- Continental is developing a complete hardware and software platform for always-on connectivity in motorcycles
- In the future, motorcycle manufacturers will be able to offer riders their own services much more easily – thanks to the Connected Infotainment Box
Villingen-Schwenningen, Germany, October 12, 2022. Continental brings motorcycles online: At the EICMA 2022 motorcycle trade fair, which takes place in Milan from November 8-13, the technology company will present its solution for always-on connectivity of motorcycles to a broad public for the first time (Hall 9, Booth M60). The Connected Infotainment Box enables the use of digital services such as turn-by-turn navigation and stolen vehicle tracking, even without a connection to a smartphone. “Our discussions with manufacturers have confirmed the importance of a future-proof connectivity solution for motorcycles,” says Harry Krickl, Director of Sales, Motorcycles and Off-Highway in Continental’s Commercial and Special Vehicles business segment. “We’re well on the way to closing the gap between motorcycles and the internet, without having to depend on smartphones. This is the first step towards ensuring that motorcycles are ‘always-on’, that mobility on two wheels becomes really smart, and safety and ride comfort are noticeably increased.”

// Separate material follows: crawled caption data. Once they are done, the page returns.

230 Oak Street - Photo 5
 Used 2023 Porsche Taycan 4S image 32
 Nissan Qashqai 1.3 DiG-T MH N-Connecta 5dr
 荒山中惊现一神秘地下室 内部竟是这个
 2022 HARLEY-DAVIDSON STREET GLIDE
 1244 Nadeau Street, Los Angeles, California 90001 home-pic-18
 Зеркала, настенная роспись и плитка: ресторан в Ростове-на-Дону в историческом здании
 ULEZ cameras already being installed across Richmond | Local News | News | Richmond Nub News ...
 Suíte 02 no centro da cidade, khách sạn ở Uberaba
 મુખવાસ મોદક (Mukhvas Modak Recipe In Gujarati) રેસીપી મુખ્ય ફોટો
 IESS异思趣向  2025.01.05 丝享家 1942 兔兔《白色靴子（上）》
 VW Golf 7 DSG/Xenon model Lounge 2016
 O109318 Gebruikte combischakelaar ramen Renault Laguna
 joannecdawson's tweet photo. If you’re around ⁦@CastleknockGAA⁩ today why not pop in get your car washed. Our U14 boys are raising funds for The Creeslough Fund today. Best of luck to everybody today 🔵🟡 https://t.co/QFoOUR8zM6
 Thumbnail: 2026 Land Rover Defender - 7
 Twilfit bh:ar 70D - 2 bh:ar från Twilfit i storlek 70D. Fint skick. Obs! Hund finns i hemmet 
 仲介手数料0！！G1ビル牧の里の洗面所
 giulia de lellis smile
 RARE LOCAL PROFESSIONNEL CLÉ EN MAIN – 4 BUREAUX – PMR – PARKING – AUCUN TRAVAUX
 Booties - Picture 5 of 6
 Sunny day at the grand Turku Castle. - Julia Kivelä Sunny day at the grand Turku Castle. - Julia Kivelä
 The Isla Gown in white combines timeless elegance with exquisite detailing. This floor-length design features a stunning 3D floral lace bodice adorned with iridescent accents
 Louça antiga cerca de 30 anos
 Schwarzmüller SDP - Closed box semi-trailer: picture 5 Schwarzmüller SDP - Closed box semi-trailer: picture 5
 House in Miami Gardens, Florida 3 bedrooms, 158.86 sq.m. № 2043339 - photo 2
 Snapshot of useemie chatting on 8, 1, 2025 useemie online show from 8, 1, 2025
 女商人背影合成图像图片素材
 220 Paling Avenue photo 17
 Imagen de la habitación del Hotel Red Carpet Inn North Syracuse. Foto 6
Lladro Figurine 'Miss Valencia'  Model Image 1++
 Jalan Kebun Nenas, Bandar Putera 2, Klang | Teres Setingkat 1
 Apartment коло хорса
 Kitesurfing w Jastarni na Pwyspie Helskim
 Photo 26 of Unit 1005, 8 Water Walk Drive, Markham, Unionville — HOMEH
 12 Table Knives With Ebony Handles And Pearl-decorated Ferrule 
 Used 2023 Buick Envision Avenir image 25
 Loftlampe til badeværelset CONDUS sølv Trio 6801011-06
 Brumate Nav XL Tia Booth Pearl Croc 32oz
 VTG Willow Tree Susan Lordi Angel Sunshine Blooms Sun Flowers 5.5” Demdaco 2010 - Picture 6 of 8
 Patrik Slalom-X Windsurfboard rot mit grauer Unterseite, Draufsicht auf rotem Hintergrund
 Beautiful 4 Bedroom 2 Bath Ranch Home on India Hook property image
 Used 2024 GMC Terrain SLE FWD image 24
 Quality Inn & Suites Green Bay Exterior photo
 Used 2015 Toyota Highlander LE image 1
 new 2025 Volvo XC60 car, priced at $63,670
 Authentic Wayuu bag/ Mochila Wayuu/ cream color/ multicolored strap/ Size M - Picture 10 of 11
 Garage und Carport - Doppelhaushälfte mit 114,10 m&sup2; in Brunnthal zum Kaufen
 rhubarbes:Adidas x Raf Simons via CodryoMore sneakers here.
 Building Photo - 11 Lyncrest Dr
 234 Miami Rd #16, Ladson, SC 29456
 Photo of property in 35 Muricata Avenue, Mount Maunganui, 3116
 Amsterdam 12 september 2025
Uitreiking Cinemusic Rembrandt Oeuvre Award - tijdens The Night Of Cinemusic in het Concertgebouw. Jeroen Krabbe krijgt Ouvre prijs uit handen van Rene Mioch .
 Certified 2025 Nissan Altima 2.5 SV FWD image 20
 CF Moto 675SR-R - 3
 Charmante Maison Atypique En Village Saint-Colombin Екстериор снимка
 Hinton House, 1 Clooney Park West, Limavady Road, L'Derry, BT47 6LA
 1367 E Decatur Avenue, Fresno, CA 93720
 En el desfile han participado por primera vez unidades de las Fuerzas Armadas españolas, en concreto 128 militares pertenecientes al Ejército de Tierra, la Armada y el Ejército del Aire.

Direct connection of the vehicle with the internet is standard in new luxury and midrange passenger cars. This allows drivers to use the vehicle manufacturer’s connectivity services without having to use their cell phones, so they can go online faster and save data volume and battery life of their smartphones. For motorcyclists, direct connections between the bike and the online world – and the resulting possibilities – are not yet available. However, thanks to Continental’s initiative, the topic of online connection on two wheels is now on the move. The technology company has designed a complex combination of different hardware components. This design ensures the connection to a cloud backend so that a motorcycle can also accommodate the telematics module. Adapting this innovation for individual bike classes will require much less effort, thanks to Continental’s typical platform approach. “We’re convinced that we’re not just making an offer for high-end bikes – all bike riders will benefit from our always-on solution,” says Harry Krickl.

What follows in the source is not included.